Through Howard Marks and a discussion on needing new bench mark tools, I saw this link to Demartek digging under the covers of the various IO tools to find that some of those data sets really lend themselves well to dedupe and compression algos more so than others.
SQLIO: all zeros = all worthless, but I do believe there is an option to do random data sets. Though I’m not sure what the output looks like.
IOmeter 2006 = good
IOmeter 2008 = Crap, Why the change?
Full data above at the link. Perhaps my initial take on this is somewhat simplistic, but I would say that the overall issue remains. Simple tools produce simple results.
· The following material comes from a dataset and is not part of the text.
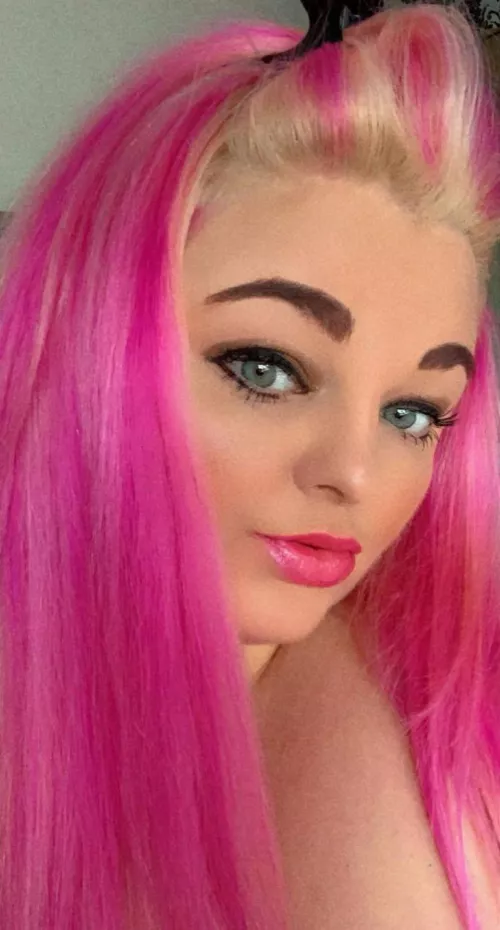 Get on your knees for goddess and be a good boy 😋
So this quip from Howard got me thinking about a demo I saw from Nimble the other day:
If that weren’t depressing enough, even the most sophisticated benchmarks write the same, or random, data to create their entire dataset. While disk drives, and most SSDs, perform the same regardless of the data you write to them, the same can’t be said about storage systems that include data reduction technology such as compression or data deduplication. If we test a storage system that does inline deduplication, like the new generation of all solid state systems from Pure Storage, Nimbus Data or Solidfire, and use a benchmark that writes a constant data pattern all the time, the system will end up storing a 100GB test file in just a few megabytes of memory, eliminating pretty much all IO to the back end disk drives, or flash, to deliver literally unreal performance numbers.
During the demo, they run IOmeter on one of their rigs during the entire time. You can see the system chugging along at around 16k IOPS, but without knowing what IOmeter version they are using, that number is pretty worthless. I’m not trying to pick on them, but its something that I was unaware of with IOmeter as well as some of the other tools and it puts the results given into a better perspective for me.
Just an aside, the IOmeter version used in the VMware IO Analyzer tool is version 2006.